• EXERCISE MATERIAL
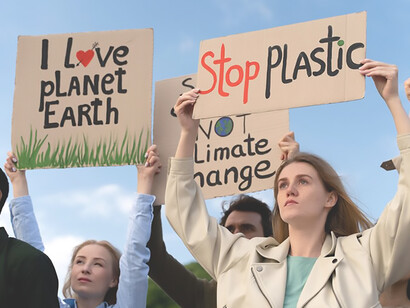 Collective action against global warming through political demonstrations, as climate activists advocate for environmental regulations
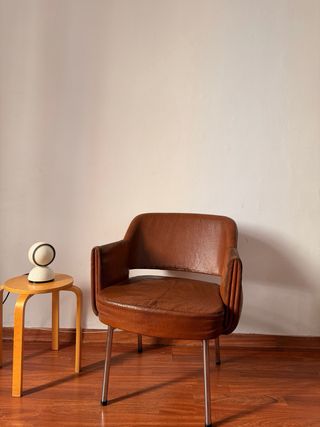 Poltrona vintage in pelle e metallo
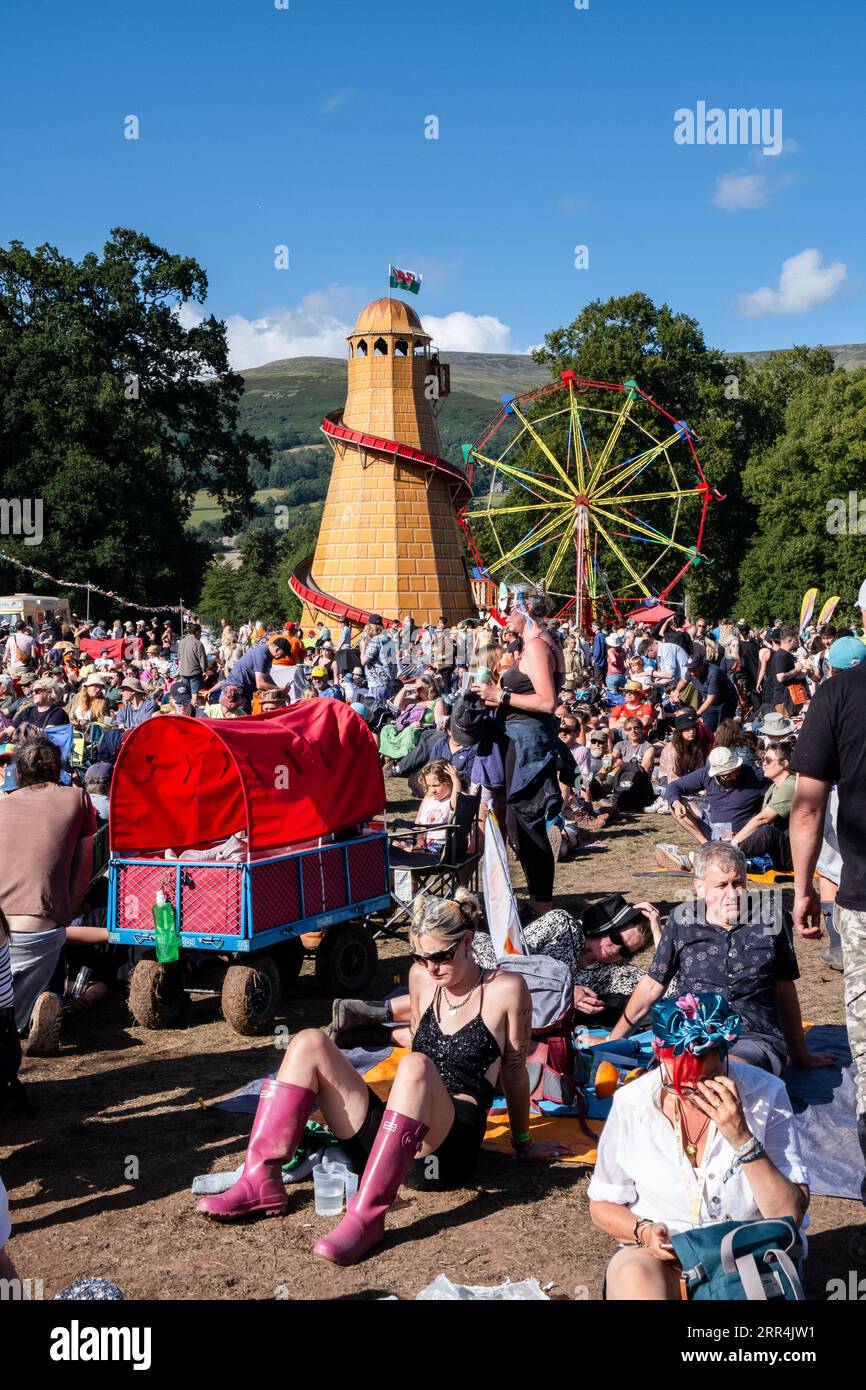 Die Leute sitzen im Schlamm bei Sonnenschein im Barbereich vor der Far Out Stage beim Green man Festival, Brecon, Wales, Großbritannien, 2023. Foto: Rob Watkins Stockfoto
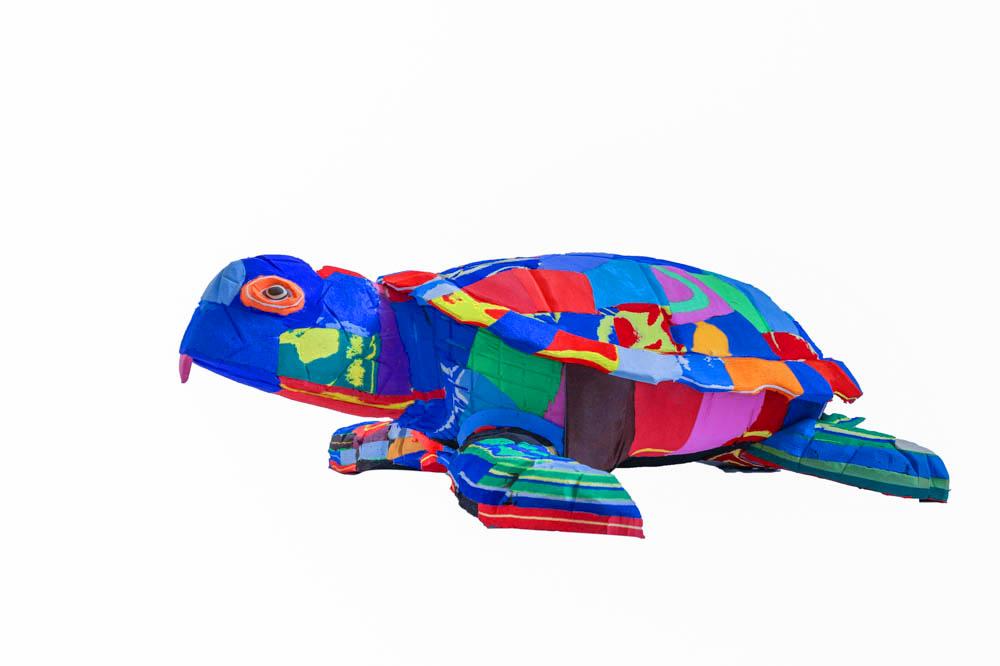 Large hand-carved multicolored turtle sculpture made of upcycled flip flops by Ocean Sole.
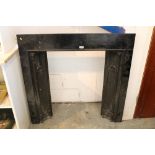 Victorian Gothic cast iron fire surround with tracery ornaments, total dimensions 107cm x 104cm,
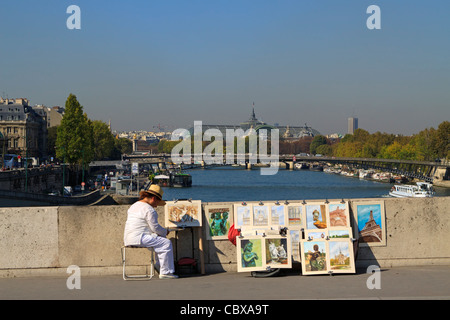 Un artiste affiche son travail sur un pont sur la Seine, Paris. Banque D'Images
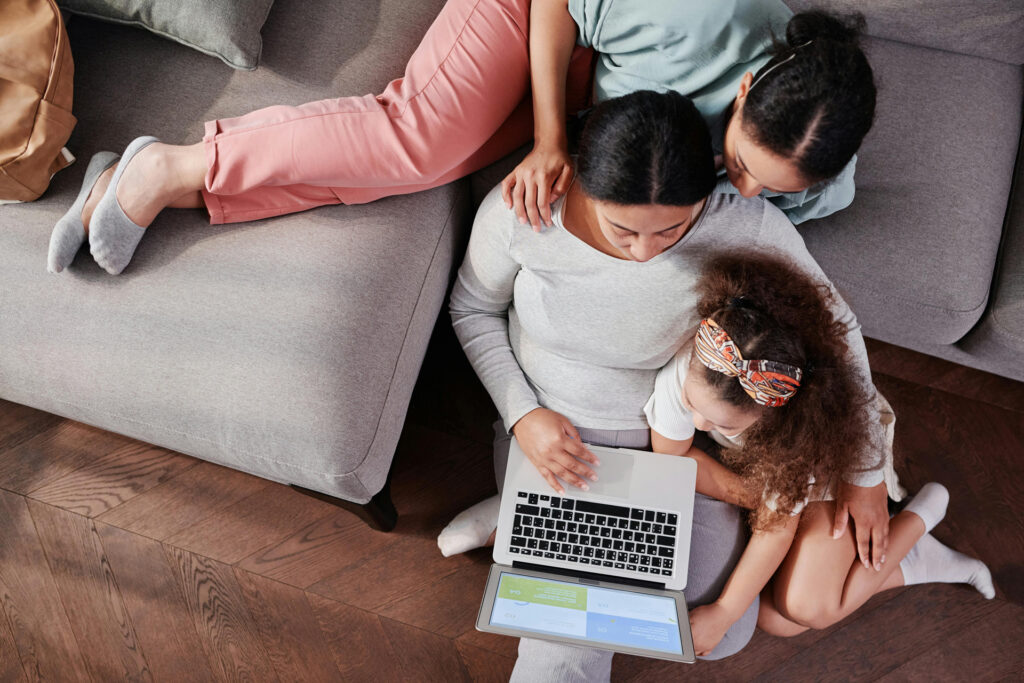 Mother and Daughters Sitting with Laptop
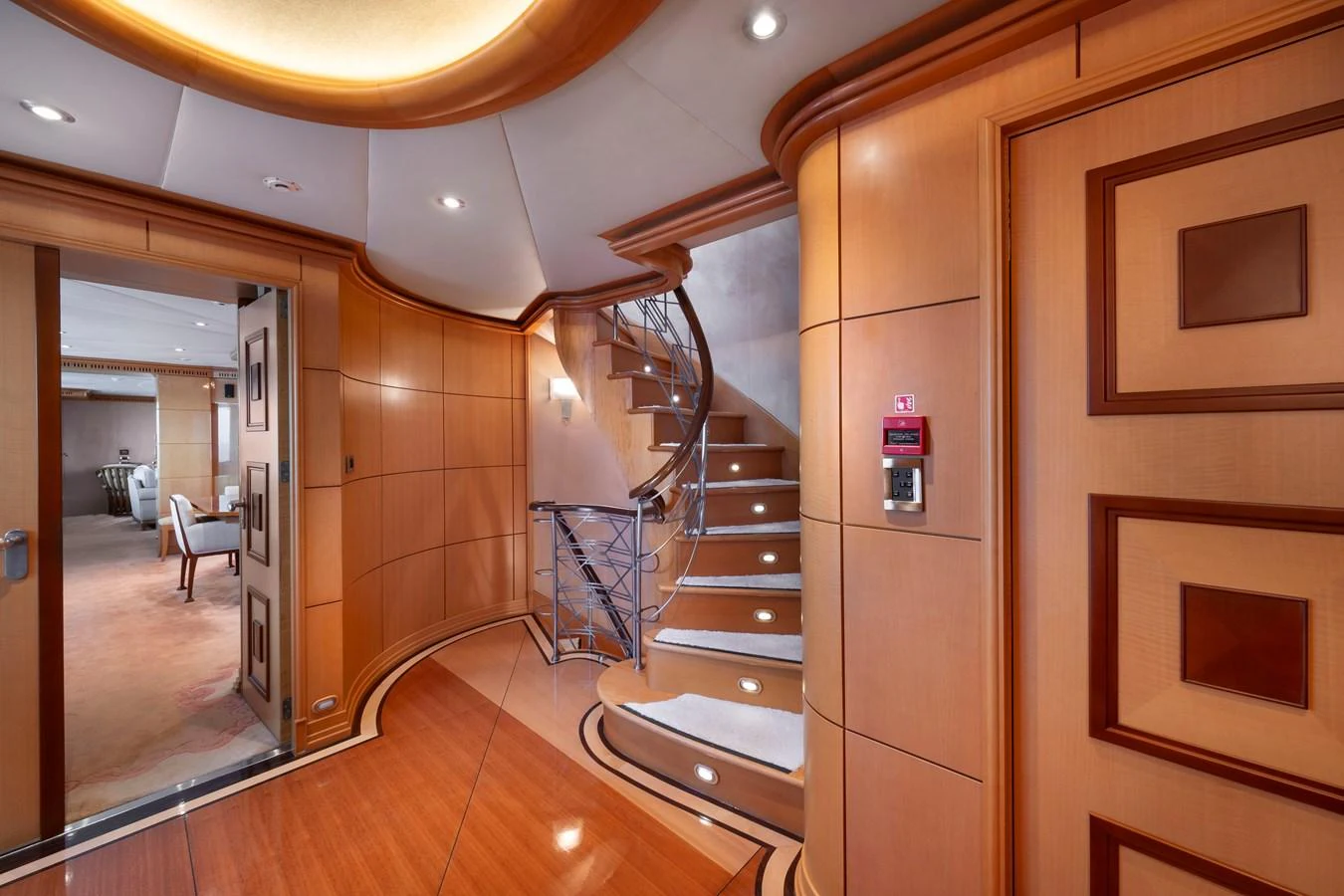 The yacht's interior features a beautifully crafted staircase with elegant wood paneling and modern lighting. aboard HAPPY DOLPHIN II Yacht for Sale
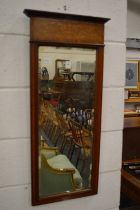 An inlaid mahogany pier mirror.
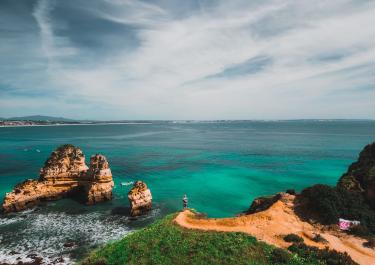 Arial view of Lagos' stunning coast with rock formations, clear sea, and lush landscape.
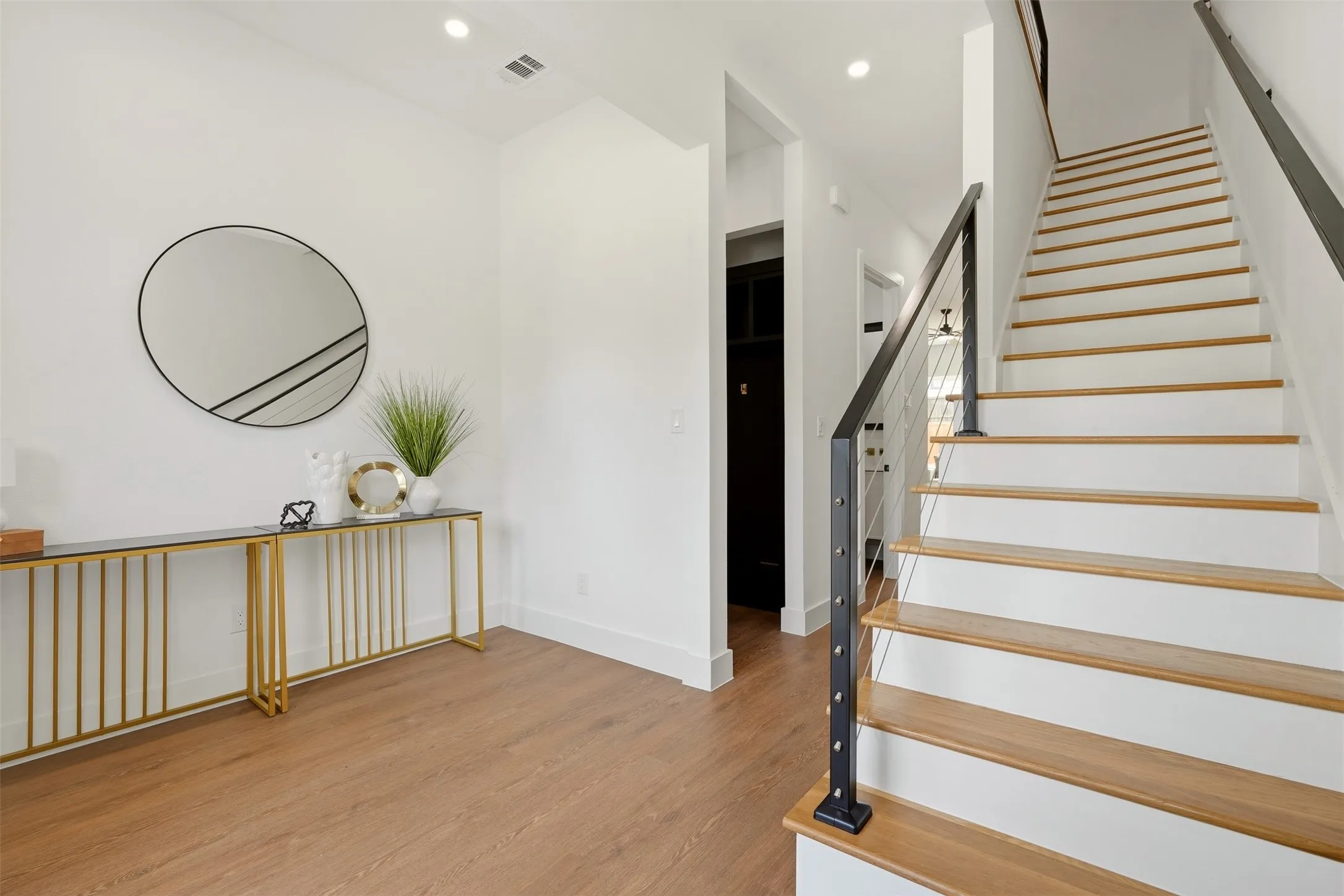 Wood-finish flooring, recessed lighting, white walls, and a staircase with wood treads and a cable railing system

• TASK GOAL
Copy the line showing "An inlaid mahogany pier mirror." exactly, along with each line after it through the end of the material above. Pictures stay out.

• ANSWER TO THIS EXERCISE
 An inlaid mahogany pier mirror.
 Arial view of Lagos' stunning coast with rock formations, clear sea, and lush landscape.
 Wood-finish flooring, recessed lighting, white walls, and a staircase with wood treads and a cable railing system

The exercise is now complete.